Accordingly, an access to information released in a profile may
need to be unrestricted as possible.
[0010] Accordingly, a method for solving an issue caused by leakage
of information released in a profile may also need to be designed
to protect maximum openness of the information. However, since
restricted disclosure of information based on a relationship refers
to providing information to only a user with a trust relationship
that is already formed, openness of information may not be
guaranteed.
[0011] Only a method of determining whether information is to be
released based on a relationship with a user is known as a method
of preventing an indiscriminate access to information while
maintaining openness of profile information. In particular, there
is no study on a method of preventing a damage caused by contact
information that is already released.
SUMMARY
[0012] According to an aspect of the present invention, there is
provided a privacy protection system of a profile, including: an
acquisition attempt detecting unit to detect an external
communication terminal that attempts to acquire contact information
included in the profile; and an access controller to provide the
detected external communication terminal with a right to use the
contact information, and to determine whether the contact
information is to be provided.
[0013] According to another aspect of the present invention, there
is provided an operation method of a privacy protection system of a
profile, including: detecting, by an acquisition attempt detecting
unit, an external communication terminal that attempts to acquire
contact information included in the profile; and providing, by an
access controller, the detected external communication terminal
with a right to use the contact information, and determining
whether the contact information is to be provided.
EFFECT
[0014] According to embodiments of the present invention, it is
possible to limit a right to access contact information, such as a
phone number or an e-mail address that is registered in an online
profile, to prevent the contact information from being
indiscriminately exposed to a malicious user.

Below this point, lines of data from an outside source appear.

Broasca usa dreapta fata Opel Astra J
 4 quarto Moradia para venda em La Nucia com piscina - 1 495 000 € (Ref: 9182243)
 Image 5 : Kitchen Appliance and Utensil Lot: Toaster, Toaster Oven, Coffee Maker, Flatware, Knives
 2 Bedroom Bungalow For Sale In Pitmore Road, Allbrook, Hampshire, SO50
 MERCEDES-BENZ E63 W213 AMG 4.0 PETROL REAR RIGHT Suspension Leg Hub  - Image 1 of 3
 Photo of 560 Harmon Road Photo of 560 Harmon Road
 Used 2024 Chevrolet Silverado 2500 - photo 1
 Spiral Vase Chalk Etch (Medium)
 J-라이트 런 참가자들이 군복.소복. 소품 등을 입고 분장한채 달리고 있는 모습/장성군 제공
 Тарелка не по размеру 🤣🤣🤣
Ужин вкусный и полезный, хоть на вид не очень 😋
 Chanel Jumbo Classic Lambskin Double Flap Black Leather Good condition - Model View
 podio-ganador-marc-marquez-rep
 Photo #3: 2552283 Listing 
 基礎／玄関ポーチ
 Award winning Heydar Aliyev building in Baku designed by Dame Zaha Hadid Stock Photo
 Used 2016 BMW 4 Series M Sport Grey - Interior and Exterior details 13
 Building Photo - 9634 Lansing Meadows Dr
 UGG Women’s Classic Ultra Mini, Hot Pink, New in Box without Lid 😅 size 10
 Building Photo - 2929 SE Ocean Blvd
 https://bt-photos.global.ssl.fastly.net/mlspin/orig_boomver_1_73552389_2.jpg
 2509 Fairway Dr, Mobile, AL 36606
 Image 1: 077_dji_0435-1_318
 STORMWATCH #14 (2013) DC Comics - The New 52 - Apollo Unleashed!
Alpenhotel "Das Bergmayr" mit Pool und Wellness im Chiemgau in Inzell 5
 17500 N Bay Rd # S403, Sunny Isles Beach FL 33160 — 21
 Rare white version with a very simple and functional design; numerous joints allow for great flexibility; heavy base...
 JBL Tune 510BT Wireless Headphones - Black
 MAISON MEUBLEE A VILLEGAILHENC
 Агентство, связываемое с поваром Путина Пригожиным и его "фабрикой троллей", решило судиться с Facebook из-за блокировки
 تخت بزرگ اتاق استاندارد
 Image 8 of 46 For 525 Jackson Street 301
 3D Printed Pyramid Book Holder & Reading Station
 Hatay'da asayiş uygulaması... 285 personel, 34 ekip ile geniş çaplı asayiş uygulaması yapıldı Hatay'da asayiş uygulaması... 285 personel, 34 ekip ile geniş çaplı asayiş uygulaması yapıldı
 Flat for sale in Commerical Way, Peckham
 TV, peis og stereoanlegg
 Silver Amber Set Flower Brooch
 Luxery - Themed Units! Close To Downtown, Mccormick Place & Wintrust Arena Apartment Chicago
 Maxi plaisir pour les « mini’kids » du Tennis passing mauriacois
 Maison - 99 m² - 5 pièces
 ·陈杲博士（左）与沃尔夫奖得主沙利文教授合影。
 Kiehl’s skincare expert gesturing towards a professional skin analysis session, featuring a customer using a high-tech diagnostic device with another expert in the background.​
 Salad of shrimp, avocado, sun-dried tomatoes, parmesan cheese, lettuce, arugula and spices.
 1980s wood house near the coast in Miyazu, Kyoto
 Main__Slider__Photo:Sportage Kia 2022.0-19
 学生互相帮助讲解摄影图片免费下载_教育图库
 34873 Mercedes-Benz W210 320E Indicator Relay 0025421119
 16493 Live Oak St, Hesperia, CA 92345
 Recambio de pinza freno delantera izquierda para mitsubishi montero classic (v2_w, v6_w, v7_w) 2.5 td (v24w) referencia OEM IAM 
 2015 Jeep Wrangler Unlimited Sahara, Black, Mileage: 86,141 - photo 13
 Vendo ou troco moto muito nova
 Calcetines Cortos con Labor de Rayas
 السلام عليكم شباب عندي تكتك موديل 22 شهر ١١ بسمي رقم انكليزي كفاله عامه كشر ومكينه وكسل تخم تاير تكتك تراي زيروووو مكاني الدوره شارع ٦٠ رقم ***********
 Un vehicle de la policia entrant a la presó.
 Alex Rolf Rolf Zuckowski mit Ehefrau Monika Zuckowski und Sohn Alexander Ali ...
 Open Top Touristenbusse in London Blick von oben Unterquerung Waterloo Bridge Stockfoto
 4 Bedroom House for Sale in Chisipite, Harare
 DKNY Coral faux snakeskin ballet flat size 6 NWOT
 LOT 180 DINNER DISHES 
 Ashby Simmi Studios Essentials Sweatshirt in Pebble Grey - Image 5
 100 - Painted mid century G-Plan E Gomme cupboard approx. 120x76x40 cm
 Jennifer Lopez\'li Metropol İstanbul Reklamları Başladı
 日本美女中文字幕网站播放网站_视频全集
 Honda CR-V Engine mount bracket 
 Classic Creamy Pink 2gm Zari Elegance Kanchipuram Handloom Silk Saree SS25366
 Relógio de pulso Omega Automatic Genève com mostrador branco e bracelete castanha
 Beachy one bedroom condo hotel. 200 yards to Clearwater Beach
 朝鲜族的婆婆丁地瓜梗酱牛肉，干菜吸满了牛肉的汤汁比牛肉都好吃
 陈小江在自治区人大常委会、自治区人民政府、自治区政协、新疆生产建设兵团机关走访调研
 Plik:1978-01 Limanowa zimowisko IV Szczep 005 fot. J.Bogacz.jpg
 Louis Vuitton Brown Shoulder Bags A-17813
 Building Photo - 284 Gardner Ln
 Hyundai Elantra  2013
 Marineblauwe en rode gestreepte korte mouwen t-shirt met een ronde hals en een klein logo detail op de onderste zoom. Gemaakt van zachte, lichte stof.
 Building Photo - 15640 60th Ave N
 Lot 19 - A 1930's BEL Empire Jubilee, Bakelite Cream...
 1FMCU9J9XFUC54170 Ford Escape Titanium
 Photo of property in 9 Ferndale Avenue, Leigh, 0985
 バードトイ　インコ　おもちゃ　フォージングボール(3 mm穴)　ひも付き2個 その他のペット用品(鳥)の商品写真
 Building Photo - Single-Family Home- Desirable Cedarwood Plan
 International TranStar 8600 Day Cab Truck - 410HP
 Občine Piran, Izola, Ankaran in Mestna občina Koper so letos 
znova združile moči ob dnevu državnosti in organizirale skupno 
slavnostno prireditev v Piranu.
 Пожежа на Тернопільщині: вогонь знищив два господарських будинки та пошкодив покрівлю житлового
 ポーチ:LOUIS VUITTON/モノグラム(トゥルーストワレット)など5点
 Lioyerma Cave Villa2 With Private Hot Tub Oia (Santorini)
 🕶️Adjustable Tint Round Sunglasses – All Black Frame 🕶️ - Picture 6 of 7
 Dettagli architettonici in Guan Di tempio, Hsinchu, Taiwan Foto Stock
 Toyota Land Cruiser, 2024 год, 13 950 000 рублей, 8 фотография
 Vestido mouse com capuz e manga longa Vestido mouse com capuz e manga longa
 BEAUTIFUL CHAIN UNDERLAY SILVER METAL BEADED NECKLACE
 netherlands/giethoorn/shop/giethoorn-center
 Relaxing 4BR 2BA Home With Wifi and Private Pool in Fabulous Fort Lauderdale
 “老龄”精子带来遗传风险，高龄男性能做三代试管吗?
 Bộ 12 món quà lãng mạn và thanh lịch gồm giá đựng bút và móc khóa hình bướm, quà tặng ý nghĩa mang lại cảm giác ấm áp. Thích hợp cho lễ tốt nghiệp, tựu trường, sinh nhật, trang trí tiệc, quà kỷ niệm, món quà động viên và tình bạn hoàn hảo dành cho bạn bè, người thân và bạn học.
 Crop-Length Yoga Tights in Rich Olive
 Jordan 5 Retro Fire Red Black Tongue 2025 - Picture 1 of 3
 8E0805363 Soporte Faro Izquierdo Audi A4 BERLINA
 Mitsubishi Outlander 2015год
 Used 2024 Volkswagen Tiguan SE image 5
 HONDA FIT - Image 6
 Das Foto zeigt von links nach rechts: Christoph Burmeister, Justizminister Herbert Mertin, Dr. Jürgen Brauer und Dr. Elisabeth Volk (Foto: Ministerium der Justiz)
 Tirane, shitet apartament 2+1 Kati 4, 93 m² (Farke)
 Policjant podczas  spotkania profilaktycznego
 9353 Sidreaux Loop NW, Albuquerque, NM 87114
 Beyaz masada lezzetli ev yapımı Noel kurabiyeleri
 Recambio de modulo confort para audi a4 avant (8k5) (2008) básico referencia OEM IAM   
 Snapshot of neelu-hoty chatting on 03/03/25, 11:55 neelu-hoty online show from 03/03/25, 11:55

[0015] Additionally, according to embodiments of the present
invention, it is possible to limit a right to use released contact
information, to prevent a problem from continuously occurring due
to contact information that is already exposed.
[0016] Moreover, according to embodiments of the present invention,
it is possible to restrict automated information collection using
software, by requesting a reply to a Completely Automated Public
Turing test to tell Computers and Humans Apart (CAPTCHA), to access
contact information in a profile.
[0017] Furthermore, according to embodiments of the present
invention, a reputation system may be introduced, and only a user
with sufficient reliability and a reputation maintained above a
predetermined level may be permitted to access contact information,
and thus it is possible to prevent a malicious user from
indiscriminately access the contact information.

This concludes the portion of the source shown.